White House says Obama has taken no decision on Syria airstrikes

Monday 25 August 2014 20.15
Nearly 200,000 people have died during the Syrian civil war so far
Nearly 200,000 people have died during the Syrian civil war so far

The White House has said that President Barack Obama has so far made no decision on whether to launch air strikes on Islamic State militants in Syria.

It comes amid rising expectations of US action following American attacks against the jihadist group in Iraq.

Earlier, Syria said it would co-operate in any international efforts to fight Islamic State militants in the country, after the US suggested it may extend the battle against the group into Syrian territory.

Foreign Minister Walid al-Moualem, whose government has been shunned by the West, presented his country as a vital partner in the war against the Islamic State.

IS has seized wide areas of Syria and Iraq.

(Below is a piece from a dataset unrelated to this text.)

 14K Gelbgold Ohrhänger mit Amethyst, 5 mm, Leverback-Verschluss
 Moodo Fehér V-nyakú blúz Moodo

"Syria, geographically and operationally, is the centre of the international coalition to fight Islamic State," Mr Moualem said in a televised news conference.

"States must come to it if they are serious in combating terrorism," he added.

Asked about the prospect of US air strikes against Islamic State inside Syria, Mr Moualem said his government was ready to cooperate with any country fighting militants.

But he said any air raids mounted without approval would be viewed as hostile acts.

"Anything outside this [co-operation] is considered aggression," he said.

The White House signalled on Friday it was considering taking the fight against Islamic State into Syria after days of air strikes against the group in Iraq and the beheading of an American journalist.

But the US has also supported a more than three-year-old insurgency against Syrian President Bashar al-Assad and there has been no sign of any shift in US policy towards the Syrian leader.

"He's part of the problem," Ben Rhodes, President Barack Obama's deputy national security adviser, said in a broadcast interview last week.

Last year the US came close to bombing Syria after accusing Mr Assad's forces of using chemical weapons.              

Islamic State, an offshoot of al-Qaeda, has emerged as the strongest group in the insurgency against President Assad.

It controls roughly a third of northern and eastern Syria and has since grabbed territory in neighbouring Iraq, declaring a cross-border "caliphate".